- _Aim of the exercise_
Can you transcribe the data exactly? Leave the pictures out.

- _Material provided_
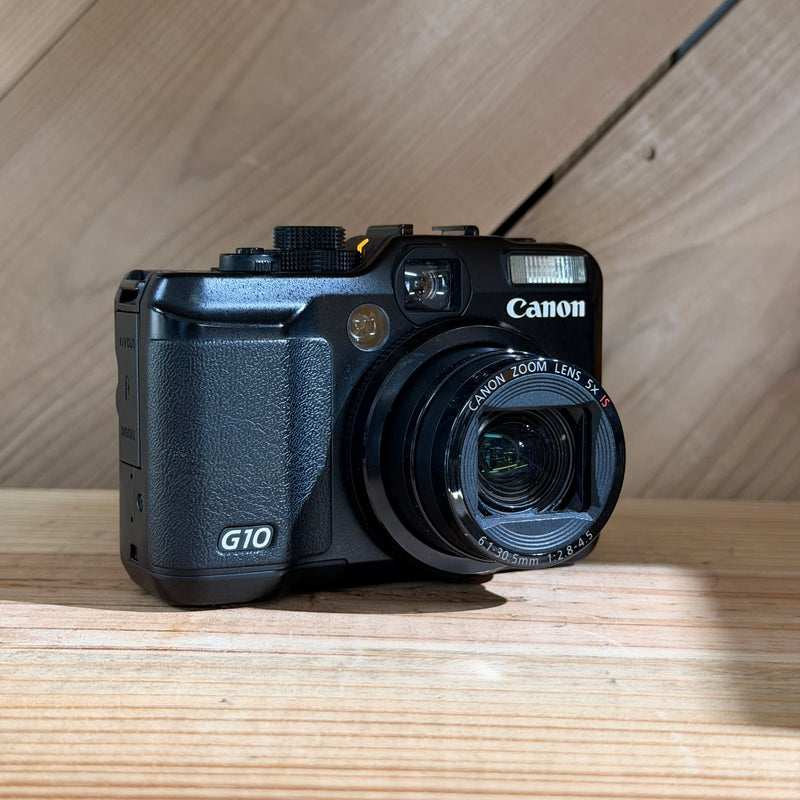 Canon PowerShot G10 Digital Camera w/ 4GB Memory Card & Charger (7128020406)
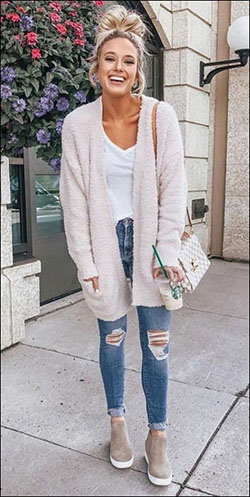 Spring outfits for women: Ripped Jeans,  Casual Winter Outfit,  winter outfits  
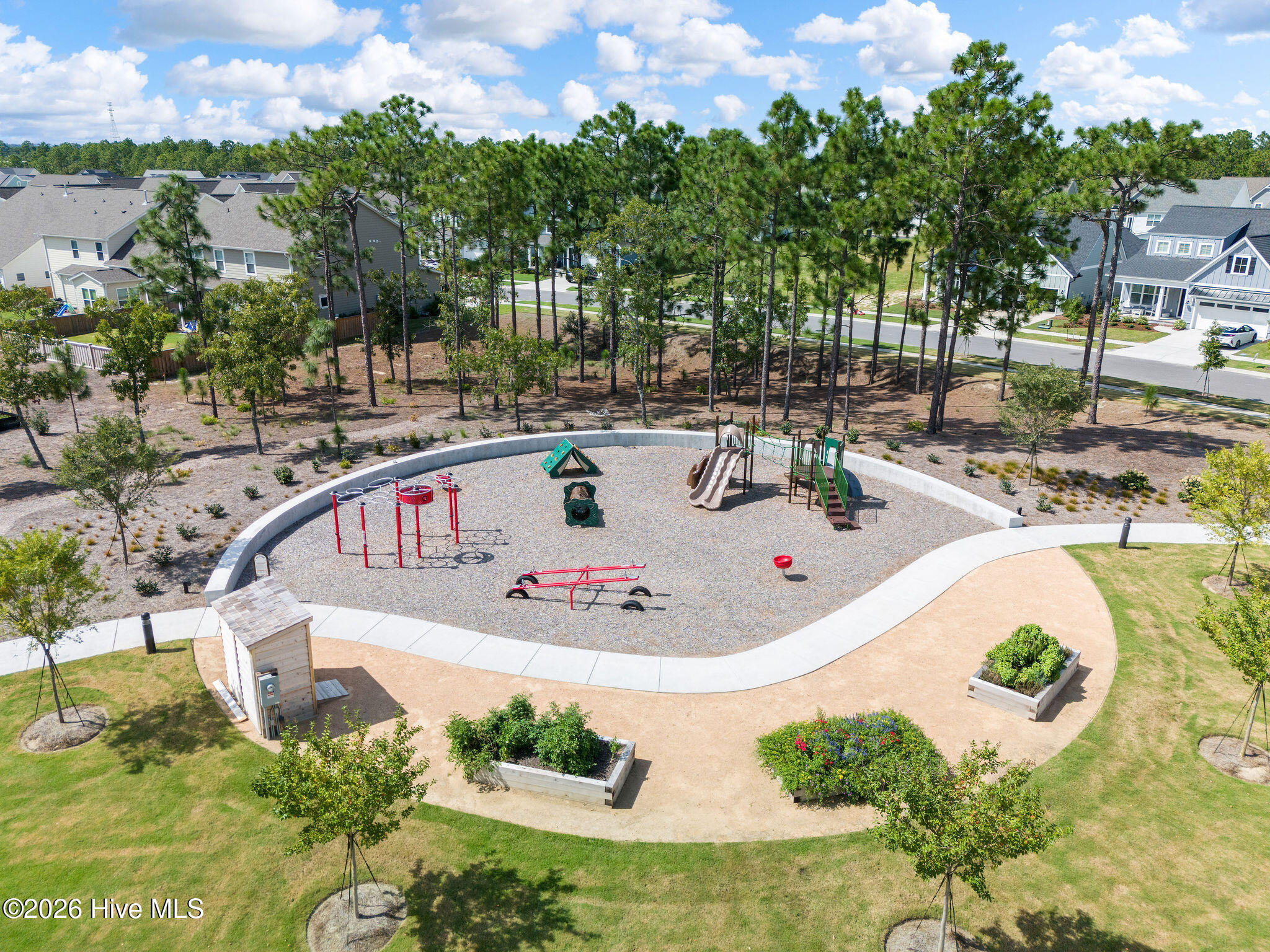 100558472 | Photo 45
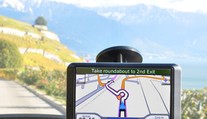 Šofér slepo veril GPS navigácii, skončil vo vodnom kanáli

- _Result for this exercise_
 Canon PowerShot G10 Digital Camera w/ 4GB Memory Card & Charger (7128020406)
 Spring outfits for women: Ripped Jeans,  Casual Winter Outfit,  winter outfits  
 100558472 | Photo 45
 Šofér slepo veril GPS navigácii, skončil vo vodnom kanáli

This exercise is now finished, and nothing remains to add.